Using VNC or CTA for EAT volume measurement both pursue the same goal: to obviate the pre-contrast phase and thus reduce radiation dose, acquisition time, and cost. In our study, TNC on average accounted for 13% of CTDIvol and DLP of the combined TNC and CCTA study, according to which a radiation dose reduction of approximately this percentage might be possible using the CTA or VNC approach. Processing of spectral CTA data promises the possibility for comprehensive diagnostic with minimal effort. The inherent enormous potential for many applications, such as monoenergetic imaging for artifact reduction, VNC series for calcium scoring, pure lumen for stenosis analysis, or iodine maps to measure iodine concentration, just to name a few, has already been evaluated for the most part in a number of studies [28, 33, 34]. This study shows that VNCPC reconstructions derived from PCD-CCTA datasets can reliably be used as a substitute for TNC to quantify EAT volume. In summary, the inherent spectral information obtained from PCD-CT scans should be used to the maximum extent to optimize each examination for the best possible diagnostic performance in each individual patient.

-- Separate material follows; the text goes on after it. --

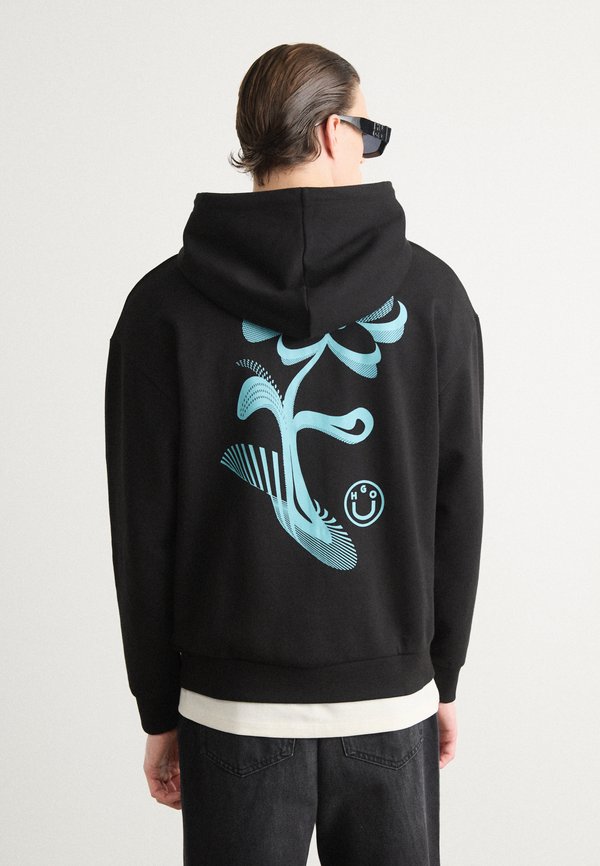 NUGOHOOD - Kapuzenpullover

Of course, this study has its limitations: First, this study was carried out retrospectively and single-centered. Its findings must be confirmed by larger multi-centric studies. Second, only the two currently at our CT scanner available VNC algorithms were evaluated and future adjustments of the algorithms (e.g., by implementing the differentiation of water and fat) might lead to even more accurate results. Third, the possibility to adjust the upper threshold for quantifying the EAT volume on VNC or CCTA series was not fully exploited and might yield more consistent measurements.

In conclusion, novel VNCPC series derived from PCD-CCTA datasets can be used to assess EAT with consistent results with only minimal deviations to reference TNC and superior results compared to conventional VNC or CCTA series. Using VNCPC as a substitute for TNC might significantly reduce the applied radiation dose for the individual patient.